Dublin, Ireland has filed suit against the EU saying they have mistaken Irish tax law as it applies to the computer company, Four months after the European Union gave Apple a bill for nearly $14 million in unpaid taxes.
Ireland filed a brief Monday saying Apple has not received any special credit in during the last decade, when the EU has accused it of paying improper taxes in Ireland, saying the company has adhered to all laws and should not be subject to the fine.
At issue are two Irish court decisions in 1991 and 2007 interpreting Irish law that says nonresident companies should not pay income tax on profit not generated in Ireland -- one of several tax codes that makes the country attractive for multi-national corporations looking to lower their tax bill.
Apple, which has yet to file a response to the EU fine, but says it will, contends the European Commission, which is charged with levying some fines, is singling the company out unfairly because of its prominence.

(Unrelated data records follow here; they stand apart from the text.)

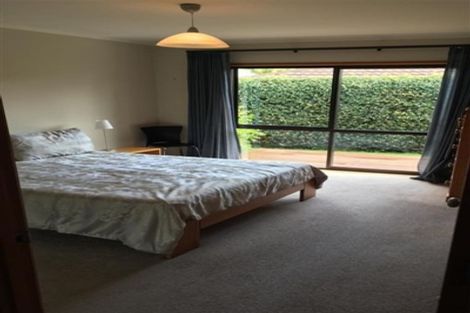 Photo of property in 6 Septimus Place, Henderson, Auckland, 0612
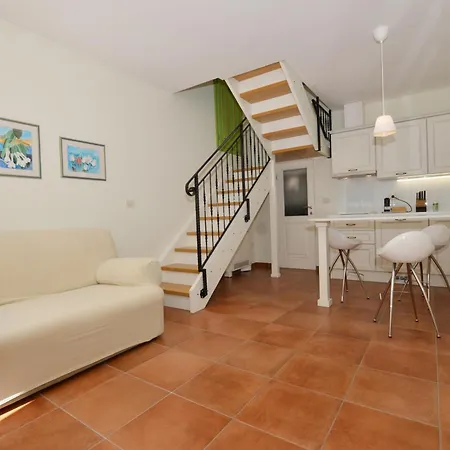 Casa Degli Artisti 3* Rovinj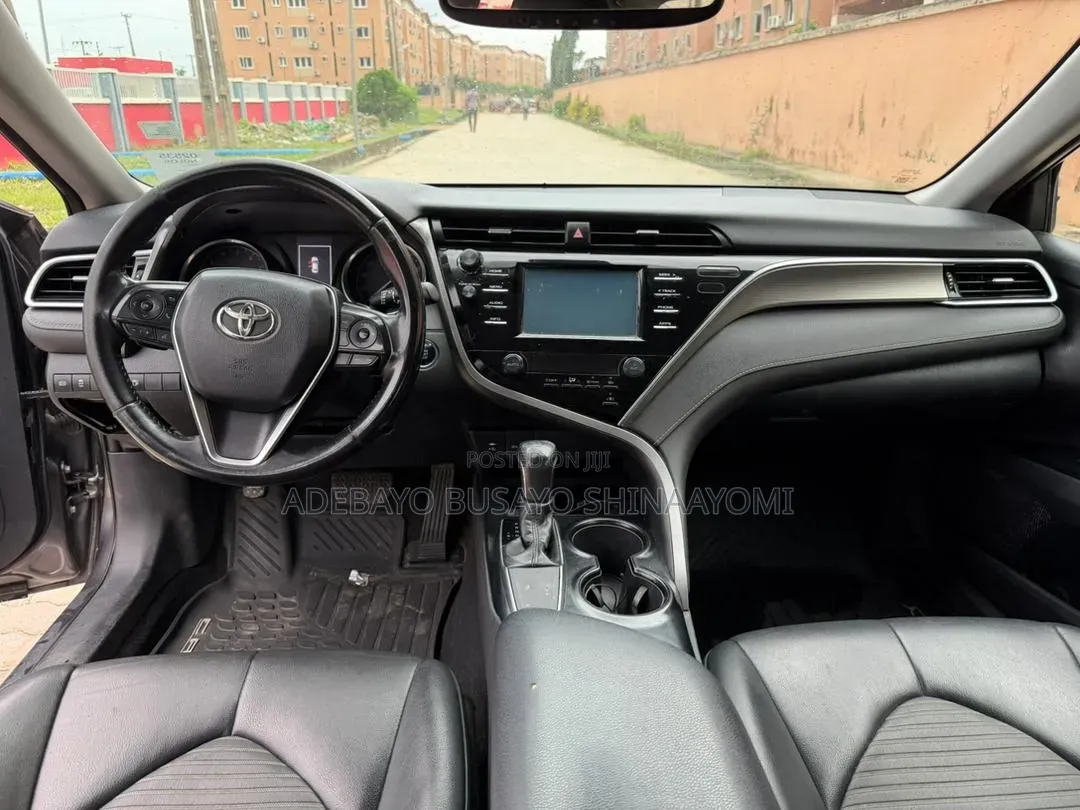 Toyota Camry SE FWD (2.5L 4cyl 8AM) 2018 Gray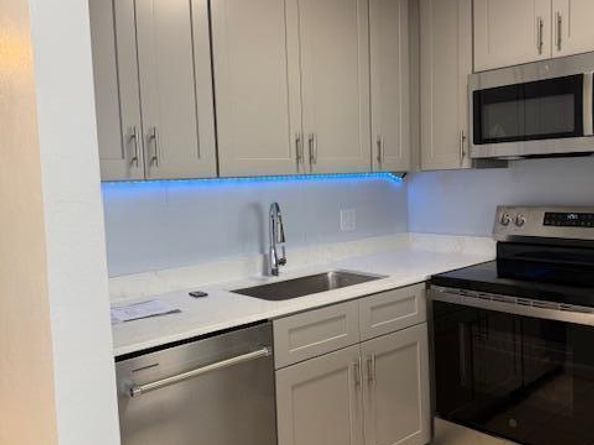 3240 Lake Osborne Drive 108, Lake Worth Beach FL 33461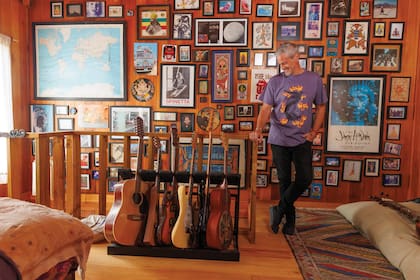 Realizada por un amigo suyo, la casa de Matías
está construida en madera y decorada con cuadros, alfombras, instrumentos musicales
y recuerdos de sus viajes. “La madera permite una acústica natural: ensayar y grabar acá es
un placer”, asegura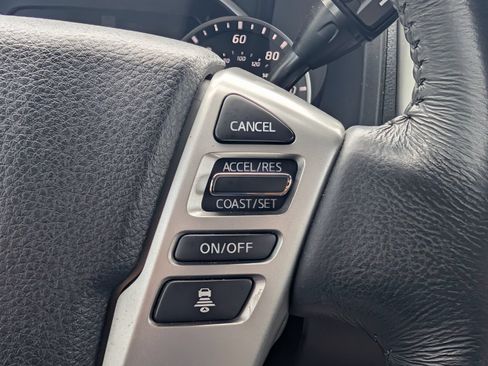 Used 2021 Nissan Titan SV w/ SV Convenience Package RWD image 23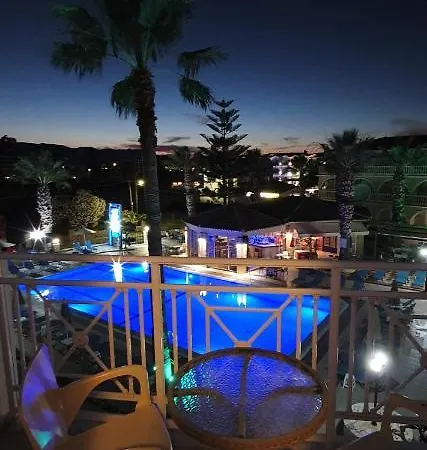 Vivian Hotel 2*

The look at Apple's tax-paying habits from its two offices based in Ireland started with the EU alleging the company paid a 0.005% tax level in Ireland in 2014, much lower than otherwise might be expected.
American news agency UPI reported today that Apple has two units based in Ireland, Apple Sales International and Apple Operations Europe, which maintain offices and have employees there, but because they are nonresident companies, Ireland only requires the company to pay tax on revenue credited to those divisions.
In the case of many of Apple's products, whose patents have been developed outside Ireland, this means a lot of the income linked to the Ireland offices is not taxable there.